Chimney Rock Park, located in Hickory Nut Gorge, offers expansive views of the gorge and Lake Lure. The quickest way to Chimney Rock Park from Asheville is via I-26 East to US 64 East to the park.
Follow US Highway 19/23 north to the New Stock Road exit. Turn right at the light and left at the next light, onto US 25. Follow this highway less than one mile to Reems Creek Road and turn right. Drive five miles to Zebulon B. Vance Birthplace State Historic Site, site of a working 1830s-era farm once owned by North Carolina's Civil War governor, Zebulon Vance. From Vance Birthplace, turn left and travel half a mile to Ox Creek Road, winding through the picturesque community to the Blue Ridge Parkway. Turn south on the Parkway. You may want to shop for mountain handicrafts at the Folk Art Center and drive a little further south to the North Carolina Arboretum before returning to Asheville.
From Asheville follow I-26 South to US 64 East and into Hickory Nut Gorge. Continue on to Chimney Rock Park, the setting for the movie “Last of the Mohicans.” Take in the views of Lake Lure, where Patrick Swayze danced in the film “Dirty Dancing.” Head back to Bat Cave and pick up NC 9, a true mountain road with spectacular views of the cliffs around the Lake. Wind your way to Black Mountain and explore the many galleries and artisan boutiques that make this small town worth the stop. From Black Mountain, take US 70 through the Swannanoa Valley back to Asheville.
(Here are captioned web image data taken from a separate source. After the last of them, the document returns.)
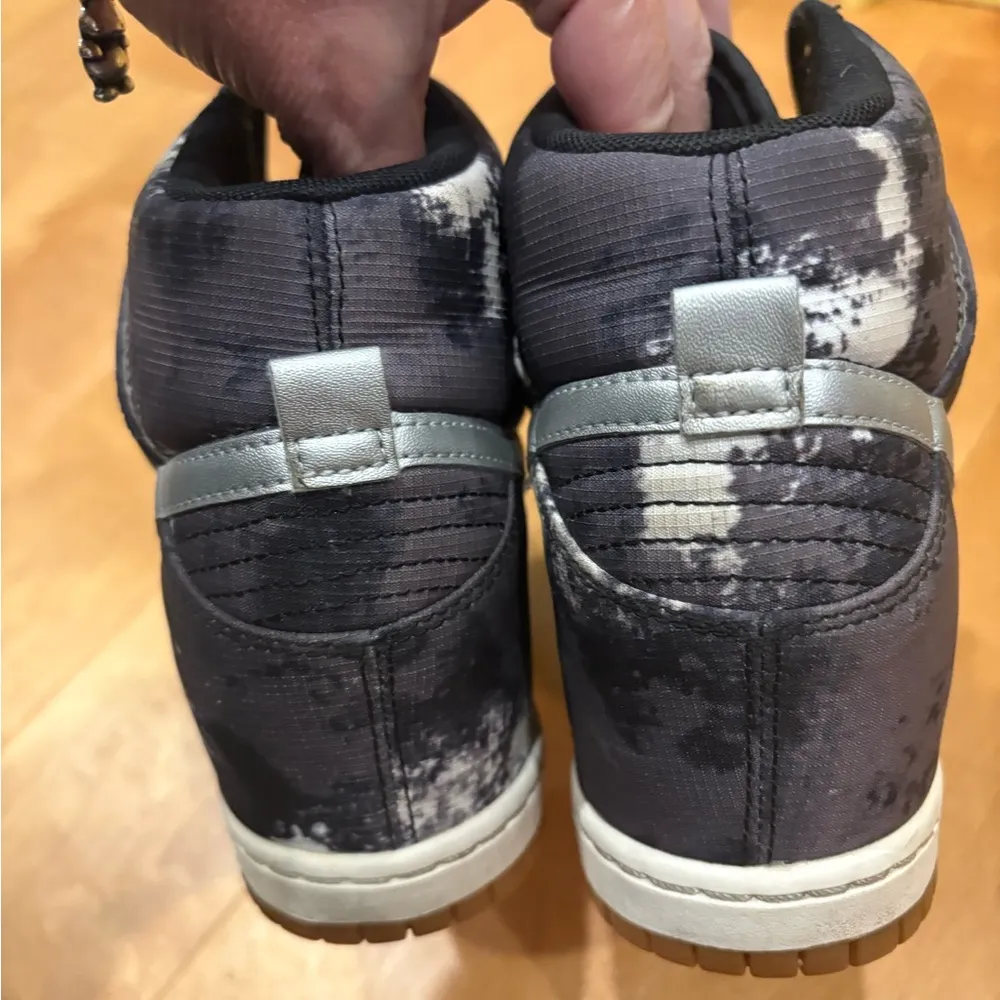 Nike Dunk Sky Hi hidden wedge sneakers gray white print sz 10 - Image 4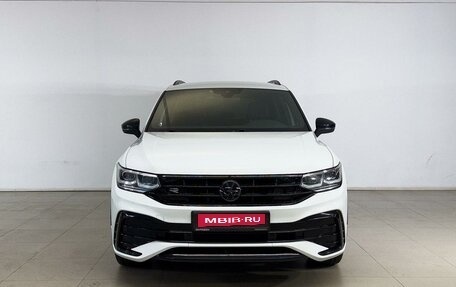 Volkswagen Tiguan II, 2021 год, 3 751 200 рублей, 3 фотография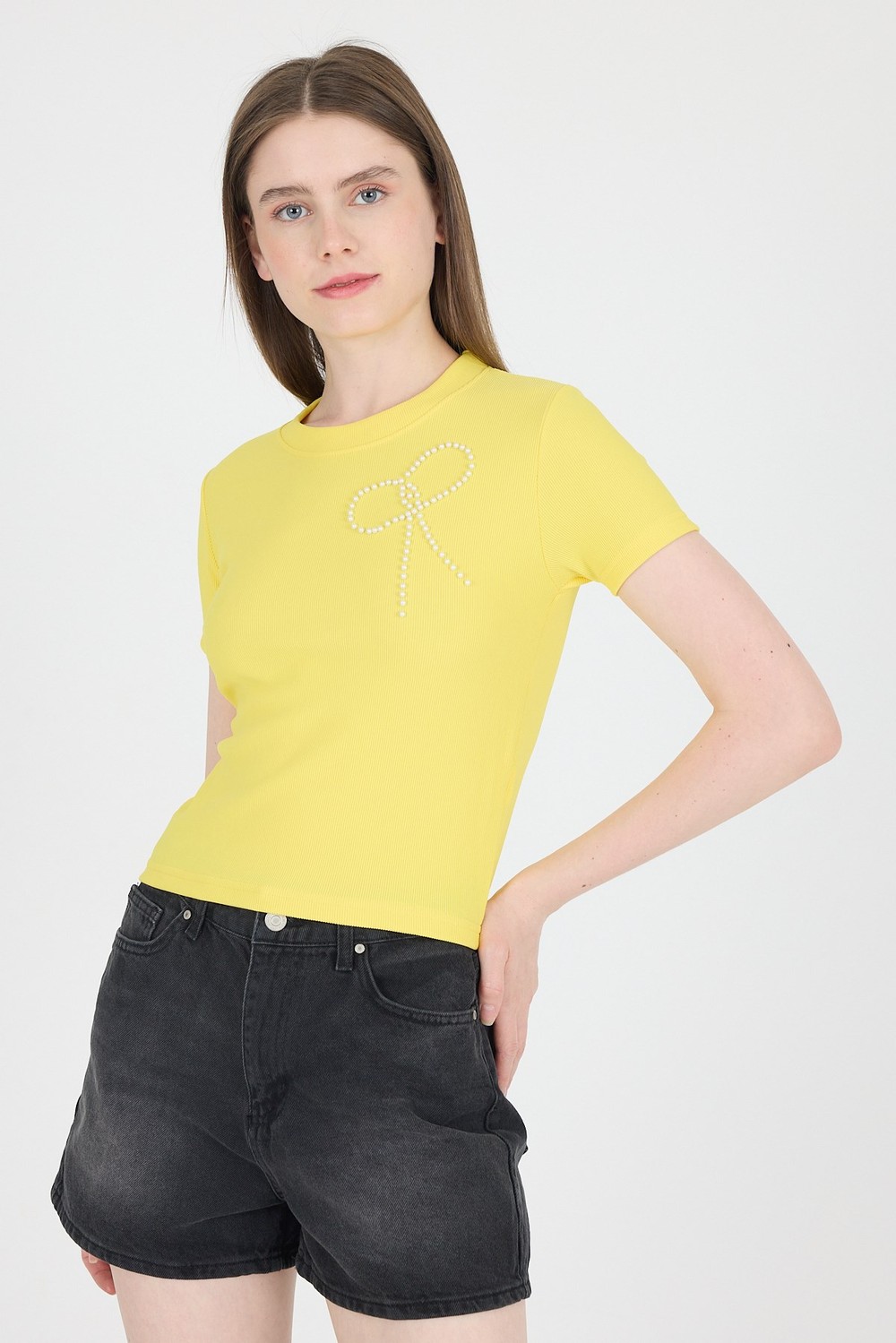 Kadın Tişört-Sarı İnci Kurdele İşlemeli Crop Slim Fit Tişört 2229-rulem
Located just north of downtown Asheville, Kimberly Avenue will be canopied by the orange tint of sugar maples. A drive offers views of the historic Grove Park Inn perched on the hill above the street. From downtown Asheville, take the Charlotte Street exit off I-240 and proceed north on Charlotte. Turn left onto Edwin Place and follow through the light as it turns into Kimberly Avenue. Follow Kimberly to Beaverdam Road. Turn right and drive through the scenic Beaverdam Valley before circling back to Asheville.
Surrounded by the Pisgah National Forest, the North Carolina Arboretum is nestled amidst one of the most beautiful natural settings in the US and is a great place to see Mother Nature's fall color finale. The Arboretum is located south of Asheville on the Blue Ridge Parkway at Milepost 393, or take I-26, Exit 33 (formerly Exit 2) and proceed 2 miles south on Highway 191/Brevard Road.